Ho finalmente concluso con la Phonola 563. Radio nota, non mi dilungo troppo su di essa (evoluzione del modello 547, design Castiglioni e Luigi Caccia Dominioni, uno dei più noti esempi di design industriale italiano).

Radio Phonola 563 Castiglioni

La radio in questione era stata alquanto manomessa sia meccanicamente che elettricamente. Esternamente era stata riverniciata, e la successiva sverniciatura ha lasciato qualche segno sulla bachelite. Non aveva più un tastino delle stazioni presintonizzate, né la scala parlante (un pezzo di cartone verniciato al suo posto), l’indice di sintonia, il coperchio di celluloide della scala parlante.

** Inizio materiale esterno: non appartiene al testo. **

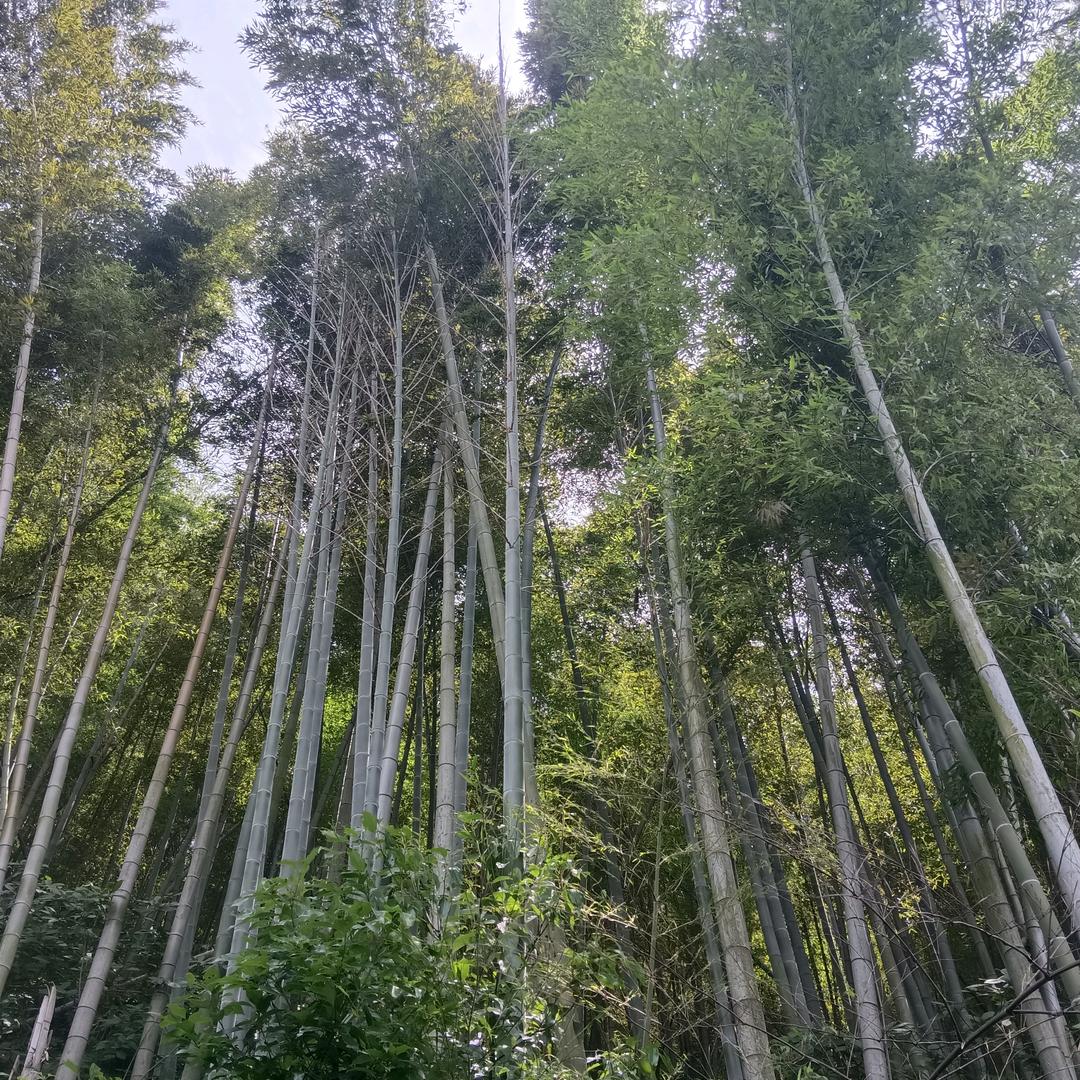 搬砖海哥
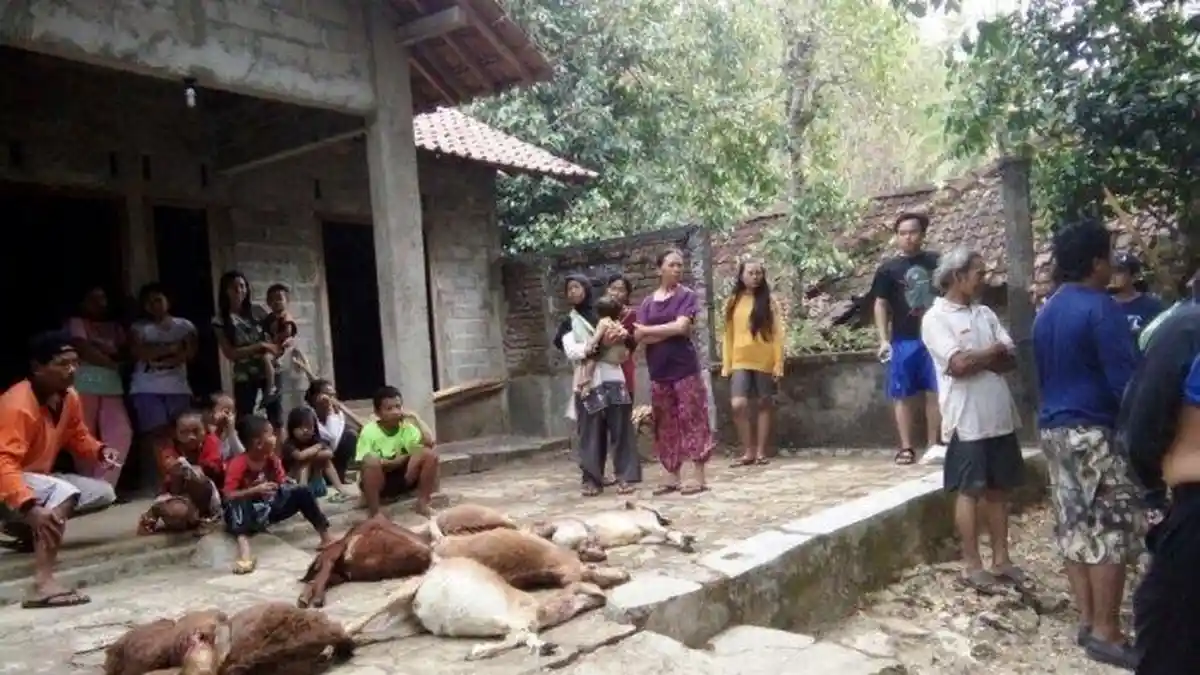 HEBOH, Diduga Dimangsa Mahluk Penghisap Darah, 24 Kambing Warga Kuningan Mati Misterius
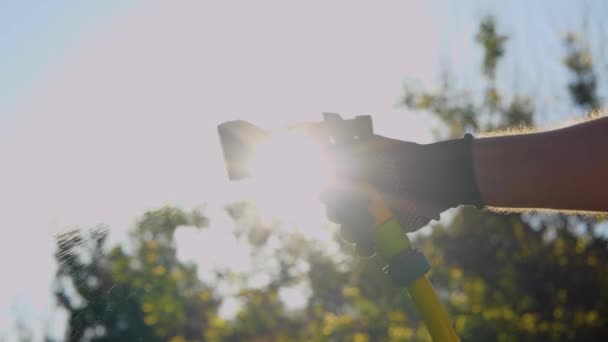 Uomo Mano Tiene Tubo Giardino Con Spruzzatore Spruzzatore Acqua Sul — Video Stock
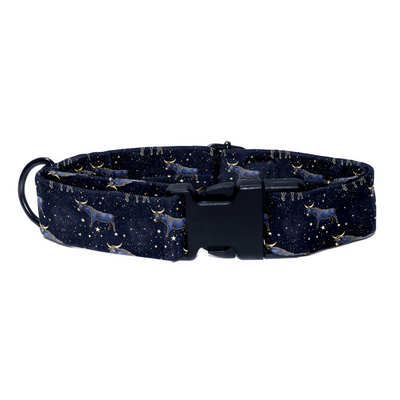 Taurus - Collar & Tag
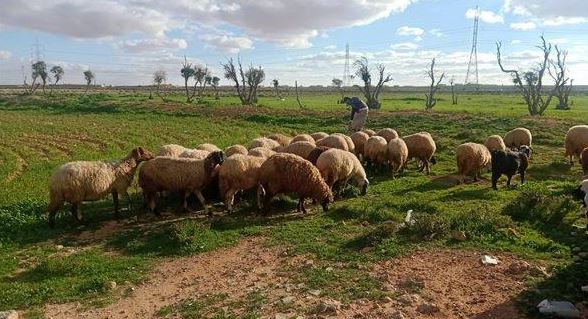 بعد سنوات من الجفاف.. الأمطار تنعش المراعي في المغرب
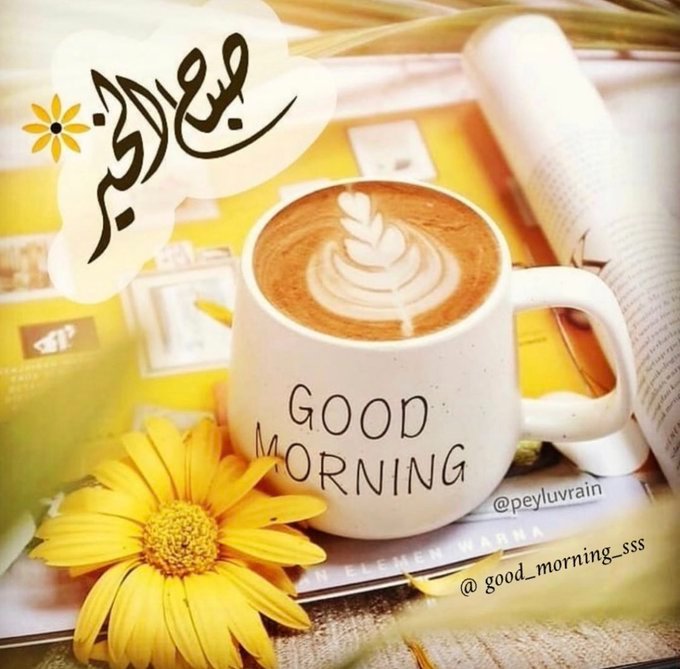مها (@maha99am99) on Twitter photo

Internamente le condizioni erano peggiori. Ad esempio era mancante la staffa che sosteneva l’altoparlante e il trasformatore di alimentazione, il quale era soltanto appoggiato (e si muoveva quasi liberamente). L’altoparlante non era più il suo originale (ma un ricambio proveniente da un apparecchio americano), e peraltro era quasi senza cono. Anche questo era scollegato e soltanto appoggiato dentro il mobile: probabilmente l’originale si era guastato e un precedente riparatore si era procurato un ricambio scegliendone uno avente diametro simile e la stessa impedenza di campo, ma con ingombri leggermente diversi cosicché si vide costretto a togliere la staffa che sorreggeva il vecchio, lasciando così anche il trasformatore privo di sostegno. Ad ogni modo ho ricostruito un nuovo supporto in alluminio su cui fissare il trasformatore e, a riparazione ultimata, l’altoparlante. In sostituzione dell’altoparlante non originale in pessime condizioni, ho trovato uno dello stesso diametro proveniente da un’altra radio che ho provveduto a montare in sostituzione dell’altro (anche questo non è originale, come si vede nelle foto finali).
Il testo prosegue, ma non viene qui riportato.